21 June 2017

The Wohlleben defense, of all people, tries to depoliticize the racist murders

Today the Wohlleben defense made further comments on their motion to hear a psychiatric expert witness concerning Mundlos and Böhnhardt. The aim of that motion, according to counsel Klemke, was to prove that the Böhnhardt’s and Mundlos’ motive for the murder had not been “xenophobia”, but rather a “lust to kill”, which was based in the two men’s antisocial personality disorder and which thus could not be recognized by third persons. In the NSU videos, Böhnhardt and Mundlos had then tried, according to Klemke, to hide that motivation by claiming to have acted out of “xenophobia”.

Of course, this attempt by the defense will not be successful – on the legal question, the prosecution simply noted that an “antisocial” perpetrator was still able to develop motives for murder such as racism and that accordingly, the expert testimony requested by the defense would not be of any help to the court. Neither will the strategy be successful politically – after all, as noted by victims’ counsel Yavuz Narin, it is apparent that precisely those aspects on which Klemke tried to base his pseudo-psychiatric “diagnosis” – the dehumanization of the victims, a total lack of empathy and a tendency towards “self-stylization or self-heroization” – were simply an expression of the inhuman National Socialist ideology which Böhnhardt and Mundlos adhered to.

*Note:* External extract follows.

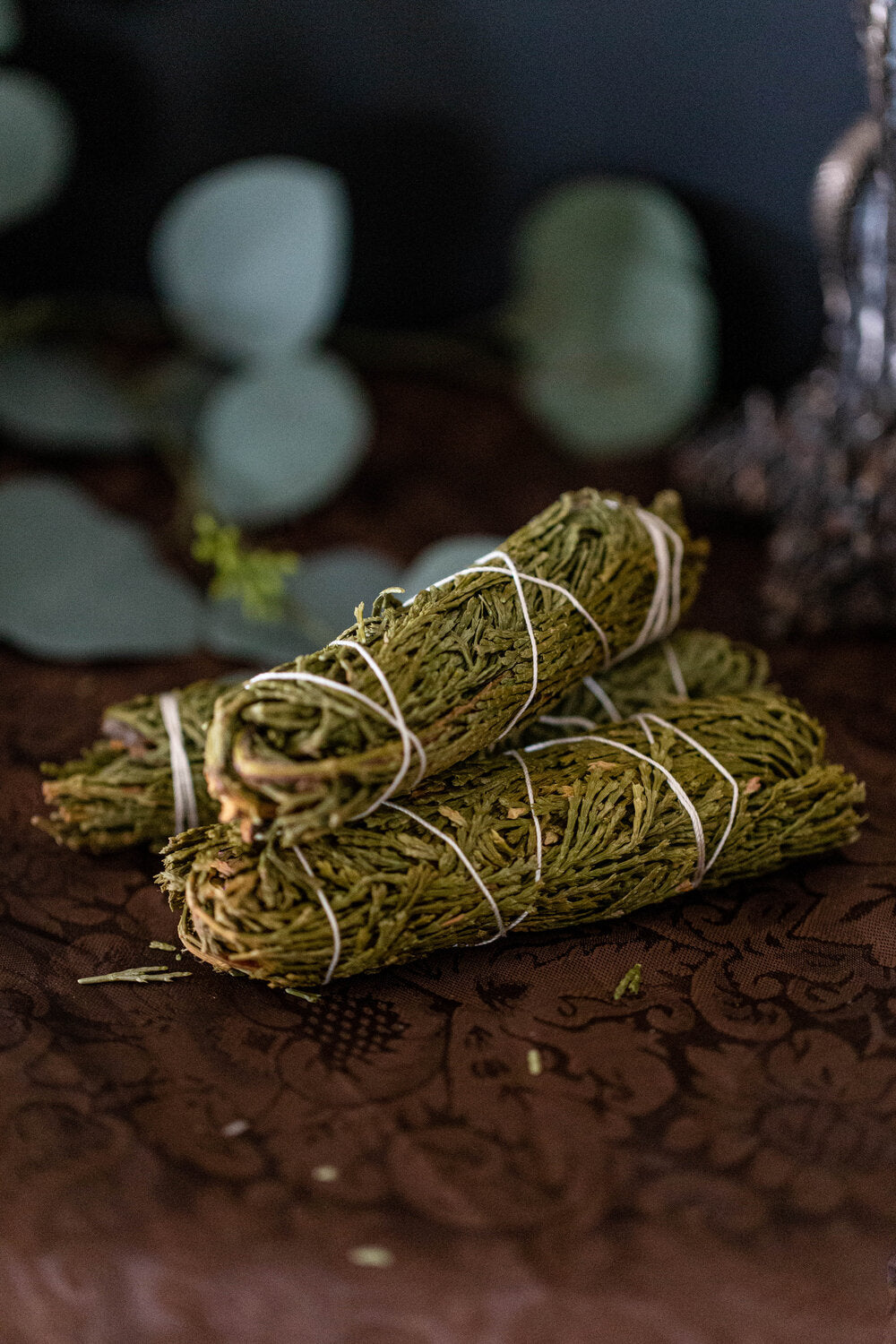 Cedar Herbal Bundle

An ideology, moreover, which Wohlleben also adhered to and still adheres to, contrary to the denials of his defense – this is clearly shown by a T-Shirt found in his apartment in 2011 which depicts the train tracks leading to the concentration camp Auschwitz under the heading of “Railway Romanticism” and which Wohlleben had apparently slept in. The defense nonetheless tries time and again to present their client as a peace-loving National Democrat.

At the same time, the defense uses every opportunity it can to make propaganda on behalf of the Nazi party NPD and Wohlleben’s Nazi comrades outside the courtroom in its motions and statements in court, activities with which earned the applause of that scene. Not so today: accused André Eminger, in whose living room police found a hand-drawn portrait of Böhnhardt and Mundlos above the slogan “unforgotten”, was apparently not happy at all about this depolitization of his heroes, followed the reading of the motion cross-armed and with a disparaging facial expression.

The trial days on Thursday as well as next Tuesday and Wednesday have been canceled, the trial will continue on Thursday, 29 June with expert witness Prof. Saß.